A question to people who think RT will be the next big thing next gen: What about Tessellation?
Subdivision surfaces and geo displacement mapping has been a key feature of CGI way before ray-tracing was realistic even for high-end offline productions. And as such, it has always been taunted for the past 20 years as something that would make it's way into real time rendering, but never seemed to manage the transition fully. I mean, the first claim that Subdivision surfaces were the next big thing for real time rendering dates back to before 1999's Quake 3 for god's sake. We've been flerting with that idea ever since with every new console gen. PS2's VPUs were said to be able to do it, but rarely were actually given that task in released games (SSX resolved bezier surfaces in real time I think). Matrox Cards created their HW acceleration for them, later ATI with TruForm (Which was supported by a dozen or so PC games!) X360 did have HW tessellation in it which rarely got used, DX11 incorporated it in the standard specification, and even then, with both current gen consoles, PS4 and XB1, having HW accelleration compliant with DX11 standards, after 15 years of talk about this feature, most devs still show little interest in making that a foundational feature of their engines, even though that has been a bare minimum standard of CGI industry since it's beginning.
I know these two features: dynamic Tessellation (including subdiv and displacement) and Ray Tracing, are not completely comparable, and I can think myself of reasons why RT may be easier to adopt than the former, but it's worth remembering that even when a feature is highly desirable and it has been introduced in an actual product and implemented in actual games, it does not mean it will become an industry standard that fast. Ironically, the two things thing I hear from devs as reasons for Tessellation not having become completely ubiquitous still are that although reasonably programmable by now, the current standard is still not programmable enough for many desired applications, and the other one is that even being HW accelerated, it is bottlenecked by other aspects of the architecture in ways that make the cost not worth the end result. Both are very similar to complaints about the state of the HW RT implementation at the moment.
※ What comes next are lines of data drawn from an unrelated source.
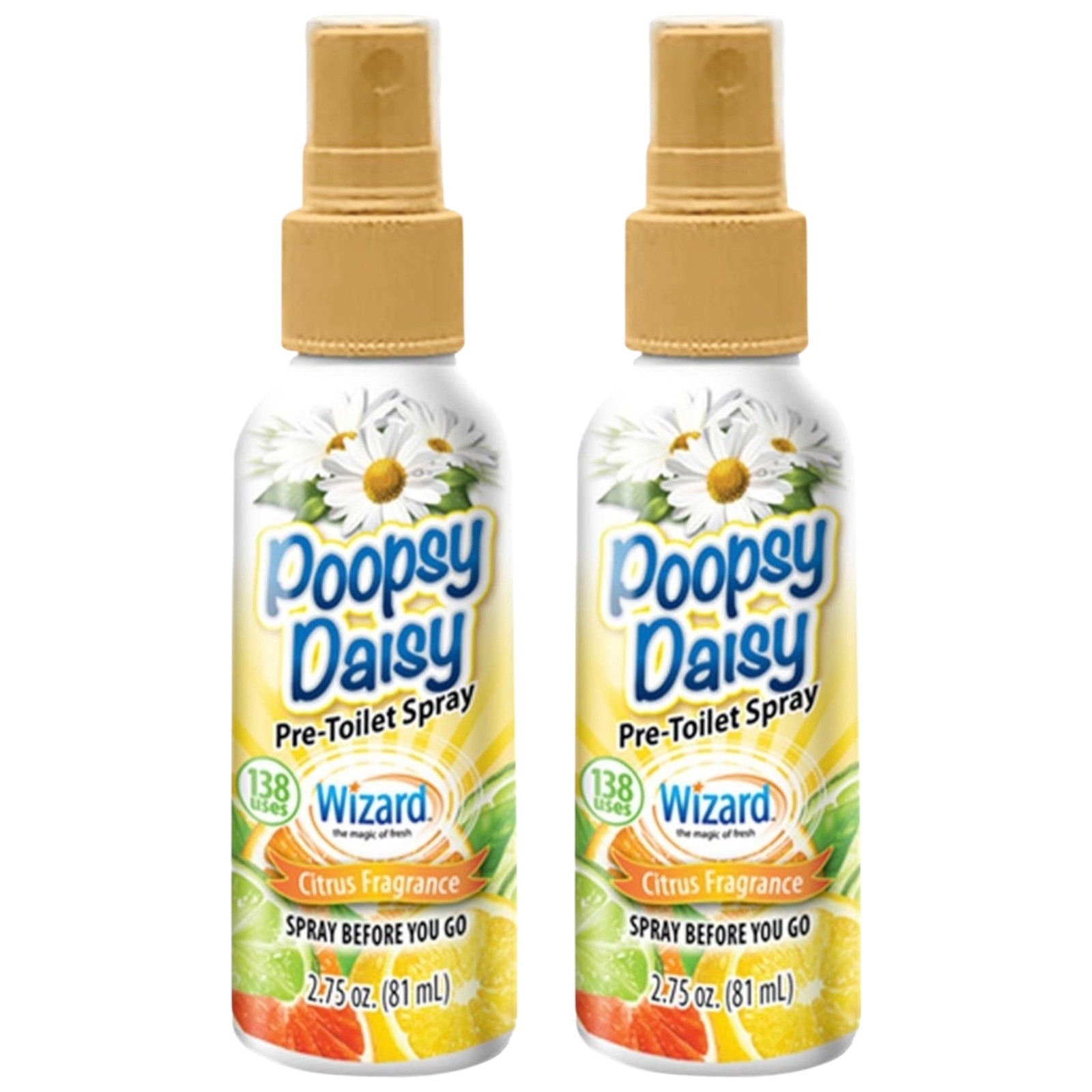 Poopsy Daisy Pre-Toilet Spray – Citrus Fragrance – 100 Uses, 2oz. (Pack of 2)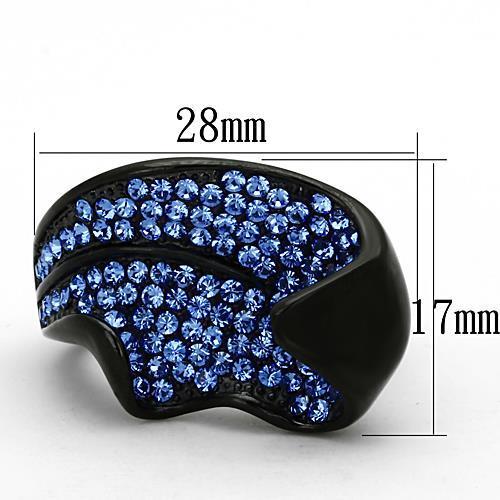 TK1362 - IP Black(Ion Plating) Stainless Steel Ring with Top Grade Crystal  in Sapphire-1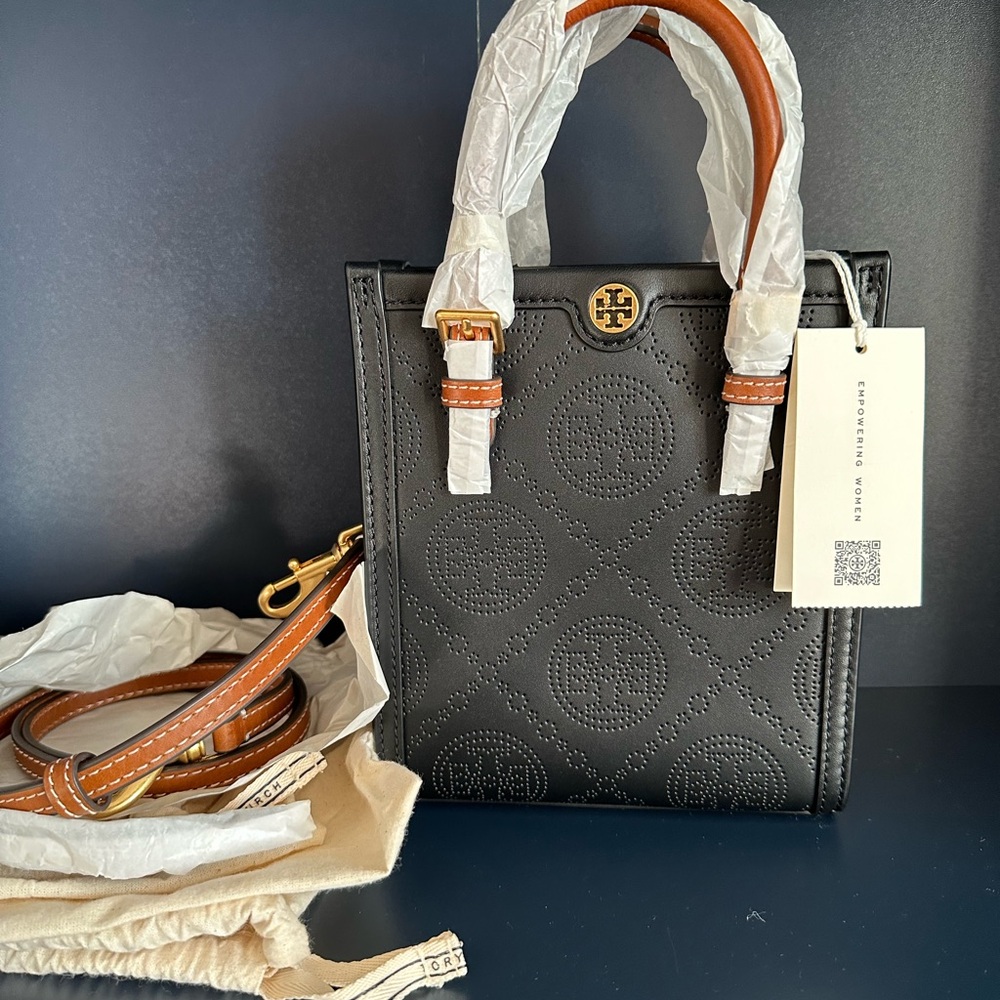 Tory Burch Black Pebbled Leather Mini North/South Tote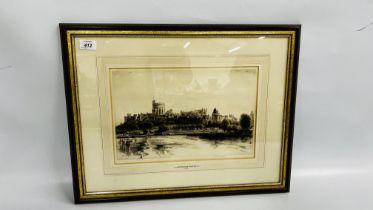 FRED A. FARRELL (1882-1935): SIGNED EARLY 20TH CENTURY ETCHING "WINDSOR CASTLE" W 36.5 X H 24.5CM.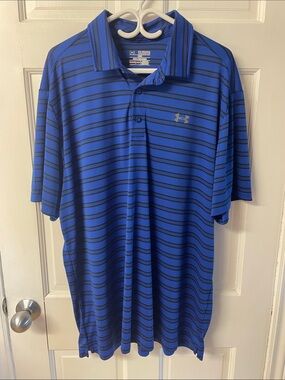 Under Armour Heatgear loose fit striped golf polo shirt men’s size 2X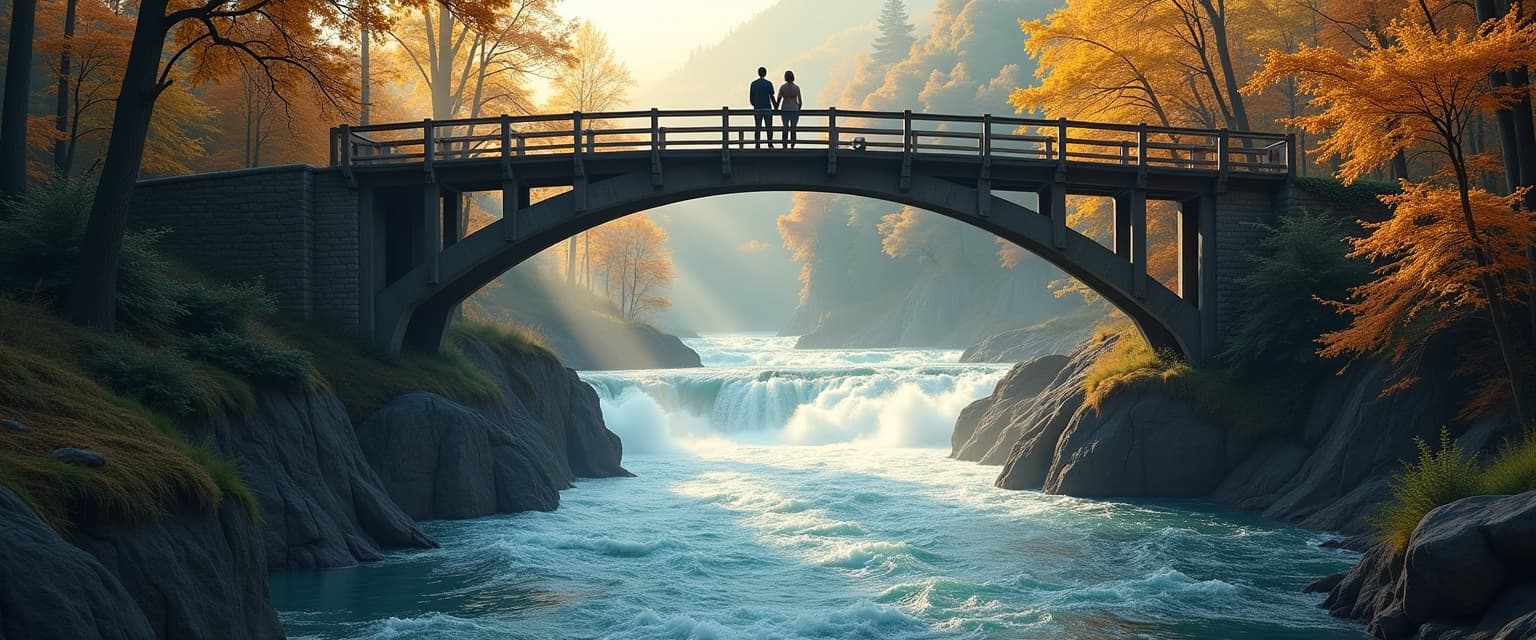 View from a lower position, looking up, showing a side of wooden bridge that above a raging river. On the rim of bridge, lone silhouettes of a couple standing side by side on the bridge, looking down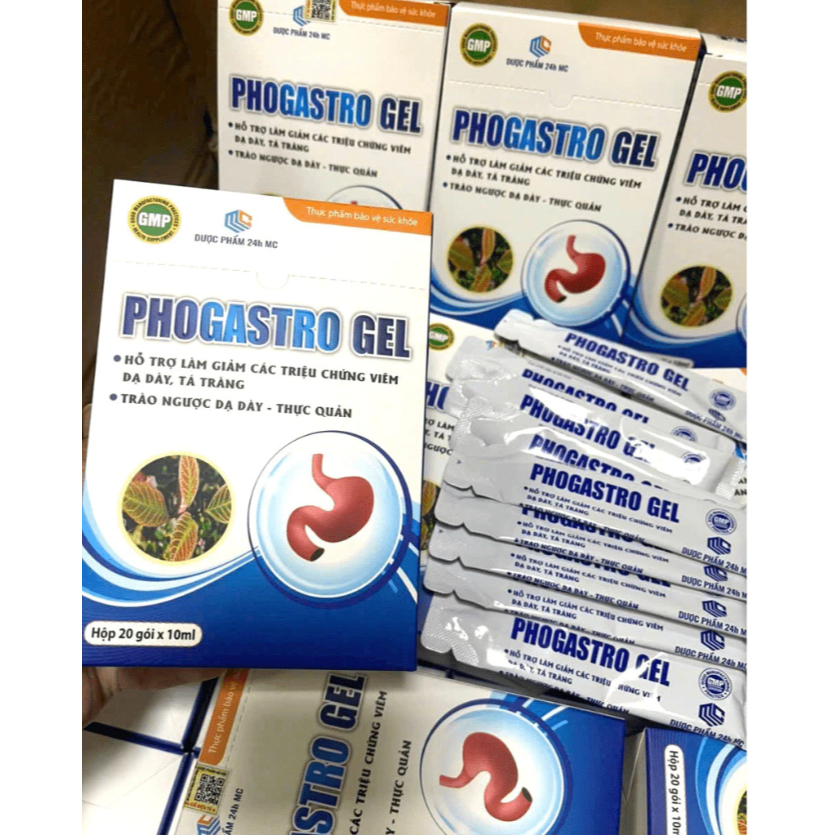 Gel dạ dày PHOGASTRO GEL  viêm loét dạ dày tá tràng, Người viên đau dạ dày, hành tá tràng, trào ngượ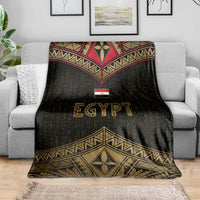 Ankh Eye of Horus Egypt Blanket with Ancient Black Gold Hieroglyph Spirit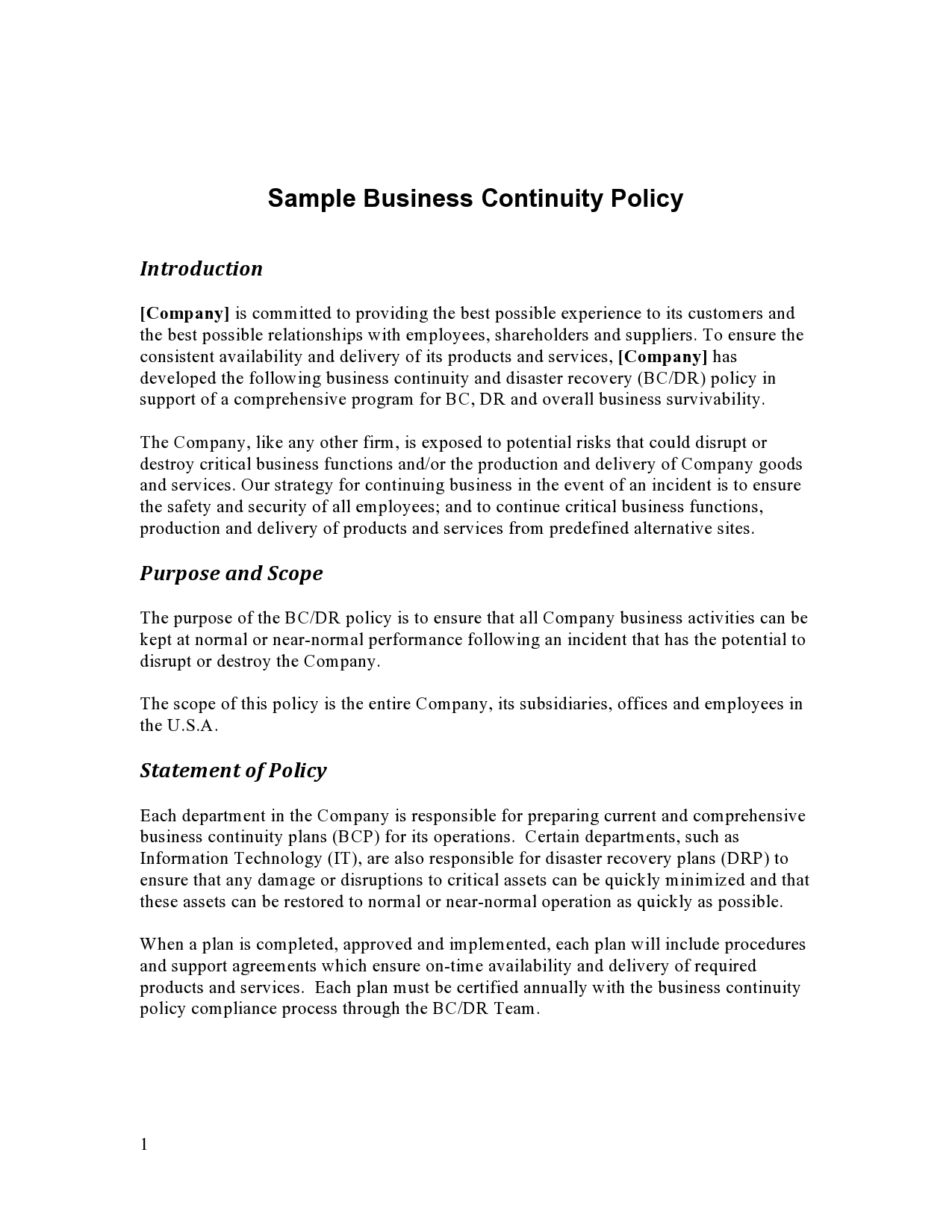 Free business continuity plan template 10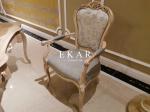 Antique Ash Wood Hand Carved Leather and Fabric Upholstered Armchair Home Office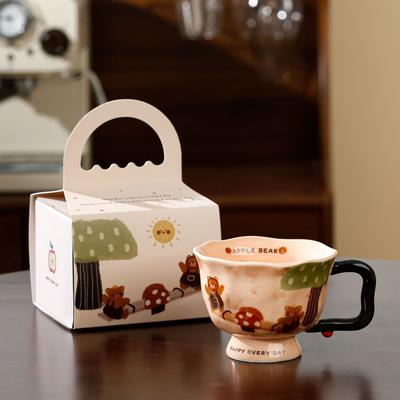 Apple Bear Cartoon Cute Ceramic Cup High Value Large Capacity Goblet Pastoral Style Opening Gift Water Cup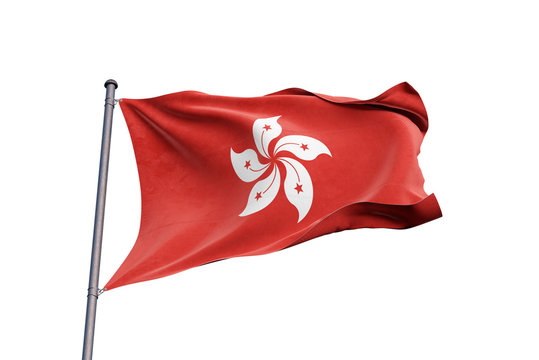 Hong Kong flag waving on white background, close up, isolated – 3D Illustration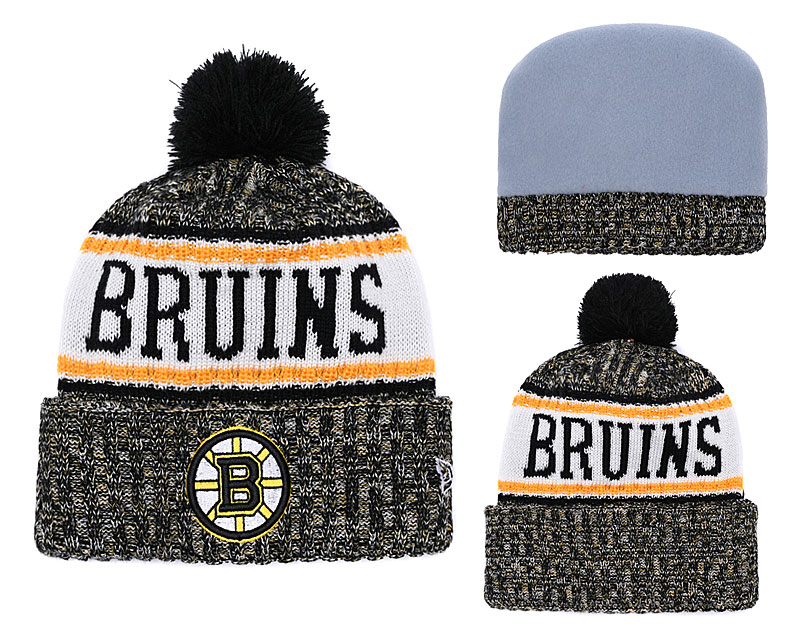 Bruins Team Logo Fashion Pom Knit Hat YD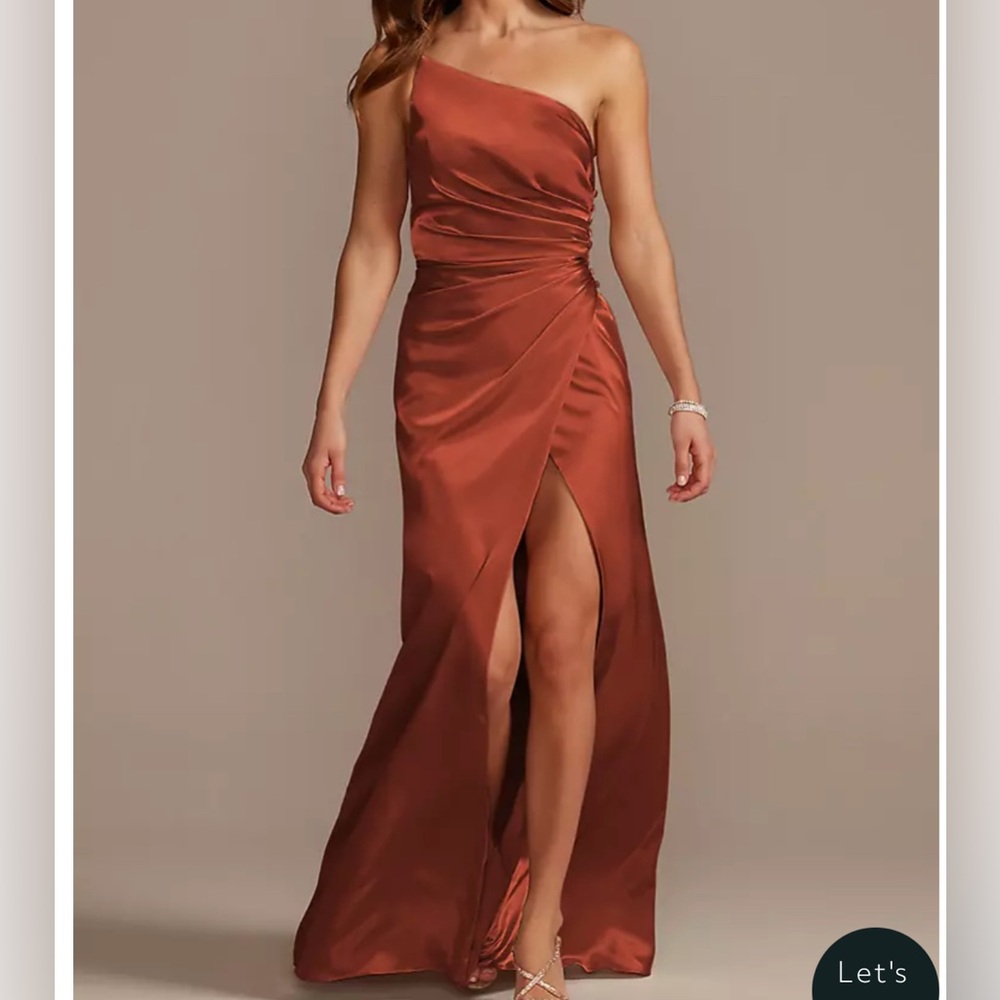 David’s Bridal - CHARMEUSE DRAPED ONE-SHOULDER BRIDESMAID DRESS,CINNAMON, SIZE 2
For next-gen, with all the talk about AMD's highly programmable next-gen geometry pipeline, and rumors of the architecture's impressive performance with micro-polygon rendering and massively complex meshes, it might be the case that Subdiv models will finally become the standard, and even then I'm a little skeptical. With that holy grail so eternally out of reach, It's hard not to be pessimistic about the other one that's arguably even holier, but also even further away.